Evaluating Simple C Expressions
The task in this problem is to evaluate a sequence of simple C expressions, buy you need not know C to solve the problem! Each of the expressions will appear on a line by itself and will contain no more than 110
characters. The expressions to be evaluated will contain only simple integer variables and a limited set of operators; there will be no constants in the expressions. There are 26 variables which may appear in our simple expressions, namely those with the names a through z (lower-case
letters only). At the beginning of evaluation of each expression, these 26 variables will have the integer values 1 through 26, respectively (that is, a = 1, b = 2, ..., n = 14, o = 15, ..., z = 26). Each variable
will appear at most once in an expression, and many variables may not be used at all.
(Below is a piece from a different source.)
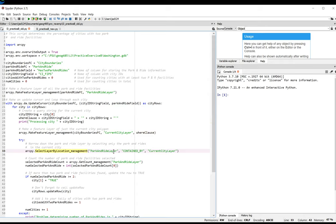Then, unlike the first solution, which got the number of selected Park and Rides out of the result object returned by the Select Layer by Location tool, in this solution I use the Get Count tool to get the number of Park and Rides.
The operators that may appear in expressions include the binary (two-operand) + and -, with the usual interpretation. Thus the expression a + c - d + b has the value 2 (computed as 1
+ 3 - 4 + 2). The only other operators that may appear in expressions are ++ and --. These are unary (one-operand) operators, and may appear before or after any variable. When the ++ operator appears before a variable, that
variable's value is incremented (by one) before the variable's value is used in determining the value of the entire expression. Thus the value of the expression ++c - b is 2, with c being incremented to 4 prior to evaluating the entire expression.
When the ++ operator appears after a variable, that variable is incremented (again, by one) after its value is used to determine the value of the entire expression. Thus the value of the expression c++ - b is 1, but c is incremented
after the complete expression is evaluated; its value will still be 4. The -- operator can also be used before or after a variable to decrement (by one) the variable; its placement before or after the variable has the same significance as for the ++ operator.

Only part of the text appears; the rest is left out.